BigQuery はユーザー定義関数(UDF)をサポートしています。UDF を利用すると、SQL または JavaScript を使用して関数を作成できます。こちらの GitHub には、コミュニティ提供の UDF が保存されているので、自身で作成する前に既にユースケースに合いそうな UDF が存在しないか確認した方が良いかもしれません。

UDF には一時的に利用可能なものと永続的に利用可能なものが存在します。

一時的に利用可能な UDF

一時的に利用可能な UDF は、1 つのクエリ内で処理を再利用したい場合に便利です。

一時的に利用可能なUDFの構文
CREATE [OR REPLACE] {TEMPORARY | TEMP} FUNCTION [IF NOT EXISTS]
    function_name
    ([named_parameter[, ...]])
  [RETURNS data_type]
  { sql_function_definition | javascript_function_definition }

次のクエリは、URL デコードを行う一時的に利用可能な UDF を SQL で作成し、それを利用する場合の例です。

一時的に利用可能なUDFの作成と呼び出し
-- UDF の作成
CREATE TEMPORARY FUNCTION URL_DECODE(url STRING) RETURNS STRING AS ((
  SELECT
    STRING_AGG(
      IF(REGEXP_CONTAINS(parsed_url, r'^%[0-9a-fA-F]{2}'), SAFE_CONVERT_BYTES_TO_STRING(FROM_HEX(REPLACE(parsed_url, '%', ''))), parsed_url), '' ORDER BY row_number
    )
  FROM UNNEST(REGEXP_EXTRACT_ALL(url, r'%[0-9a-fA-F]{2}(?:%[0-9a-fA-F]{2})*|[^%]+')) AS parsed_url
  WITH OFFSET AS row_number
));

-- UDF の利用
SELECT URL_DECODE('https://~');

永続的に利用可能な UDF

永続的に利用可能な UDF は、複数のクエリやユーザーで処理を再利用したい場合に便利です。このタイプの UDF を利用するには、まず永続的に利用可能な UDF を作成するクエリを実行します。次の例では URL デコードを行う UDF を永続的に利用できるようにしています。

永続的に利用可能なUDFの構文
CREATE [OR REPLACE] FUNCTION [IF NOT EXISTS]
    [[project_name.]dataset_name.]function_name
    ([named_parameter[, ...]])
  [RETURNS data_type]
  { sql_function_definition | javascript_function_definition }
永続的に利用可能なUDFの作成
CREATE OR REPLACE FUNCTION `project-id.dataset_id.URL_DECODE`(url STRING) RETURNS STRING AS ((
  SELECT
    STRING_AGG(
      IF(REGEXP_CONTAINS(parsed_url, r'^%[0-9a-fA-F]{2}'), SAFE_CONVERT_BYTES_TO_STRING(FROM_HEX(REPLACE(parsed_url, '%', ''))), parsed_url), '' ORDER BY row_number
    )
  FROM UNNEST(REGEXP_EXTRACT_ALL(url, r'%[0-9a-fA-F]{2}(?:%[0-9a-fA-F]{2})*|[^%]+')) AS parsed_url
  WITH OFFSET AS row_number
));

上のクエリを実行すると、次のように 1 行目で指定したデータセット以下に UDF が作成されます。

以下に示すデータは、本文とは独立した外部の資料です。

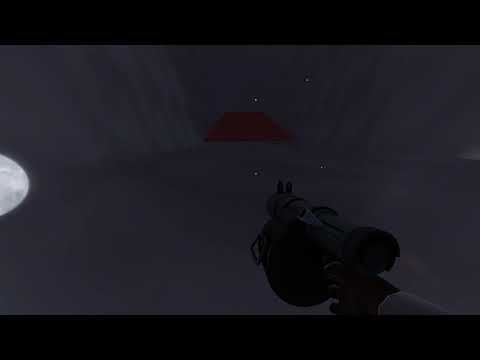 Boshy on jump_exilenpals - 01:50.204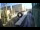 Webcam in Valletta, 0.7 km entfernt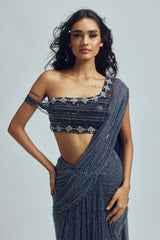 Marina Sari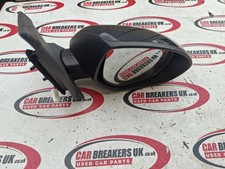 Mazda drivers side for sale  ROCHDALE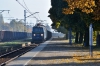 ET22-668 [PKP Cargo]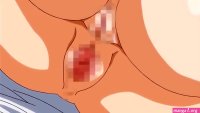 ibu ibu hentai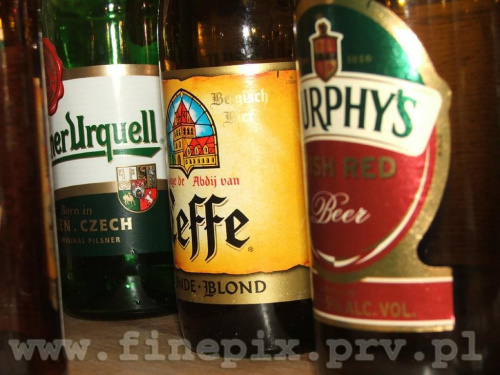 select 2 #butelki #piwo #Chorzów #zyzio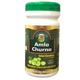 HASS Amla Churna (Pack of 4 x 100 gm) 1's - Speciality Medicines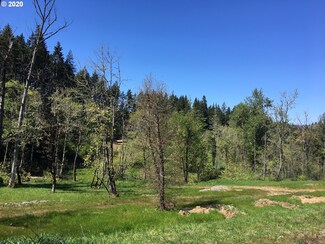 0 Gonyea Rd Unit 20230454, Eugene, OR 97405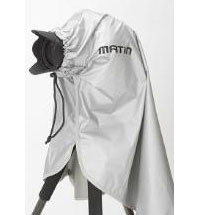 製品写真：M-7097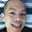 Joe Abadilla's profile image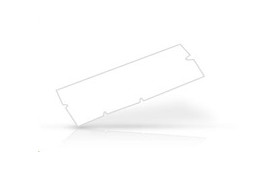 LEXMARK 320+ GB Hard Disk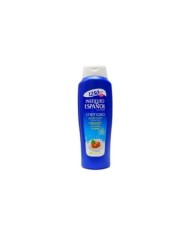 DEO BABARIA ROL 50ML CRIST VITAMINA C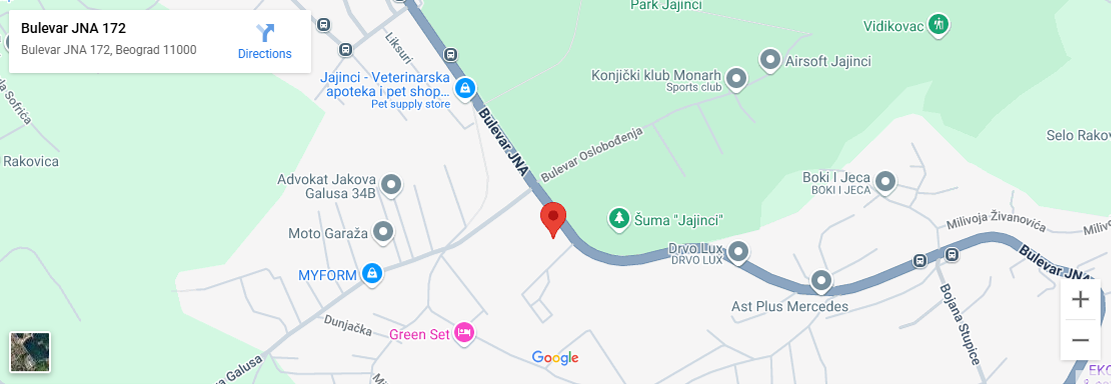 Nissan Servis Pančevo Kontakt Nissan Servis Pančevo Kontakt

スクリーンショット 2020-09-24 12.26.37.png
スクリーンショット 2020-09-24 12.26.52.png

永続的に利用可能な UDF は次のように呼び出すことができます。

永続的に利用可能なUDFの呼び出し
SELECT `project-id.dataset_id.URL_DECODE`('https://~');

BigQuery スクリプト / ストアドプロシージャ

BigQuery スクリプトを利用すると、UDF を利用する場合よりもさらに複雑な処理を記述することができます。

BigQuery スクリプトを使用すると、1 回のリクエストで複数のステートメントを BigQuery に送信して、変数を使用したり、IF、WHILE などの制御フロー ステートメントを使用できます。たとえば、変数を宣言し、値を代入し、第 3 の場所にあるステートメントからその変数を参照できます。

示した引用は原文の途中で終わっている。